In 1999 the U.S. National Institute of Standards and Technology (NIST) (formerly NBS) continues to provide Standard Reference Materials (SRMs) for radium-226 and radon-222 which are related to the original Hönigschmid mass standards. The three original standards, Secondary Standard No. 6 from 1913 and Standards Nos. XIV and XV from 1937, are stored in a protected lead vault in the Radiation Physics Building on the NIST campus in Gaithersburg, MD. Each source is contained in a brass cylinder which has a glass top for inspecting the integrity of the ampoule, and a valve, which is intended to allow one to remove a portion of air from the container to test for presence of radon and daughter products.

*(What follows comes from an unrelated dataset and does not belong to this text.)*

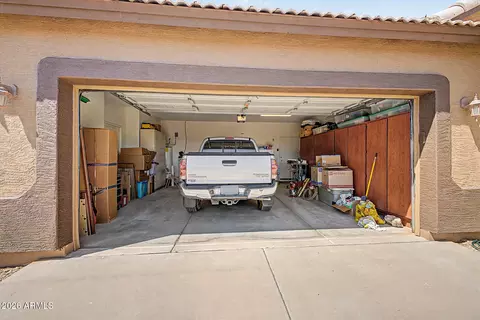 Exterior - 931 Echo Cir, Apache Junction, AZ 85119 photo 5 of 27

There are two interesting points to make about the present status of the standards. First, there is no evidence that the integrity of the glass ampoules has been compromised. Swipe tests of the containers in which they are stored do not show presence of radon daughters. Two possible effects have long been discussed: radiolytic damage to the glass and possible 4He buildup in the ampoules. Although, there is no evidence that these effects have led to a rupture, they certainly indicate that precautions will be needed to handle the ampoules in the future. Second, the Radium-D (22.3 year half life 210Pb) is still not in equilibrium with the parent 226Ra, but, perhaps 85 years is sufficiently long that one can calculate the daughter activities with requisite accuracy.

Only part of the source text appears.